Different parameterizations create different uniformity assumptions.
Uniform in:
- angle
- radius
- midpoint area
- endpoints
are all different probability spaces.
The Deeper Mathematical Issue
Probability is not invariant under reparameterization.
If:
- $X$ is uniform in $[0,1]$,
- and $Y = X^2$,
then $Y$ is not uniform.
Uniformity is coordinate-dependent.
Bertrand’s paradox is what happens when you say:
“Uniform” — but fail to specify in which coordinates.
A Mental Model That Helps
Think of it this way.
Imagine three robots:
- Robot A picks two random edge points.
- Robot B picks a random radius and distance.
- Robot C picks a random midpoint in area.
You press “run simulation.”
All three claim:
“We generated 10 million random chords.”
They disagree on the answer. But none are incorrect. They just implemented different measures.

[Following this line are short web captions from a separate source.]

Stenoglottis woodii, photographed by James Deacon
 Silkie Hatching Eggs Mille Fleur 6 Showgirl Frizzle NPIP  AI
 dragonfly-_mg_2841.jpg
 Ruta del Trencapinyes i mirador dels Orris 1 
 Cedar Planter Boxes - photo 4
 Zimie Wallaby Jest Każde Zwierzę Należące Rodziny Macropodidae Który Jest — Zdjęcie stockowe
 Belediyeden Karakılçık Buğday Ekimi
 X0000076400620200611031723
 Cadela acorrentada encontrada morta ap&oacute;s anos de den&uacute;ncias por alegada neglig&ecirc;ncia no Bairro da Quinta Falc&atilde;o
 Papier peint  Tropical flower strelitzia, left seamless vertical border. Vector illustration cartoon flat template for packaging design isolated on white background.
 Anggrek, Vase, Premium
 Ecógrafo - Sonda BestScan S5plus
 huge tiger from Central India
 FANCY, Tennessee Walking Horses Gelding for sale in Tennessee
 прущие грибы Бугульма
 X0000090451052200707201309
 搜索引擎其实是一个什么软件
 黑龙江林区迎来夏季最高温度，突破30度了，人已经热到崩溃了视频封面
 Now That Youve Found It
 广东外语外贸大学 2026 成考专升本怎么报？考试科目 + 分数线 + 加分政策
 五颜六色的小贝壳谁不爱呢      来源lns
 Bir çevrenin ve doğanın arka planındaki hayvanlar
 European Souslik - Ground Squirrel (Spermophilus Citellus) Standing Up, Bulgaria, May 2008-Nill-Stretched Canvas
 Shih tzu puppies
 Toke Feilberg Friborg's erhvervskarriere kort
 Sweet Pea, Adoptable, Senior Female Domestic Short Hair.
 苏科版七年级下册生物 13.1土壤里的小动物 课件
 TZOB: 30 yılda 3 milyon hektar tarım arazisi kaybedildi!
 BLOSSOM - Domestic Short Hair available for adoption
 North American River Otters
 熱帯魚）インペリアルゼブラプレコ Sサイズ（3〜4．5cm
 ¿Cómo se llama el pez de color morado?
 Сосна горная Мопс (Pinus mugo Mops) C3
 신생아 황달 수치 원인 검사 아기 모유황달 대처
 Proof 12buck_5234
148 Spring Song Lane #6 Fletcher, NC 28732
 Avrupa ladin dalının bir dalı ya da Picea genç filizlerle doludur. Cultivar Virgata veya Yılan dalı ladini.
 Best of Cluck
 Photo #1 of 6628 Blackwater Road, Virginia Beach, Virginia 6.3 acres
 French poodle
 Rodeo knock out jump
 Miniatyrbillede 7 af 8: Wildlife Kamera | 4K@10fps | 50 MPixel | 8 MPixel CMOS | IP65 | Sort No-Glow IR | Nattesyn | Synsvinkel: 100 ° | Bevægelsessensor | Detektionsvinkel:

Why This Matters Beyond Geometry
This puzzle shows up anytime someone says:
- “We sampled uniformly.”
- “We ran unbiased simulations.”
- “We chose random test cases.”
Those words are meaningless without a measure.
Uniform over:
- parameters?
- exposure?
- physical space?
- time?
- scenarios weighted by frequency?
Each choice encodes assumptions. Bertrand’s paradox is the geometry version of:
So How Do We Decide Which Is Correct?
We impose a physical principle.
For example:
- If chords are created by dropping random sticks onto a circle, midpoint-uniform may be justified.
- If chords arise from random angles, endpoint-uniform may be justified.
- If chords are constructed by choosing random radius offsets, then radius-uniform applies.
The “correct” answer depends on the generative process. No generative process → no unique probability.
A Slightly Philosophical Ending
Bertrand’s paradox teaches a powerful lesson:
Mathematics does not choose your probability model. You do.
And if you don’t choose explicitly, you still chose — implicitly.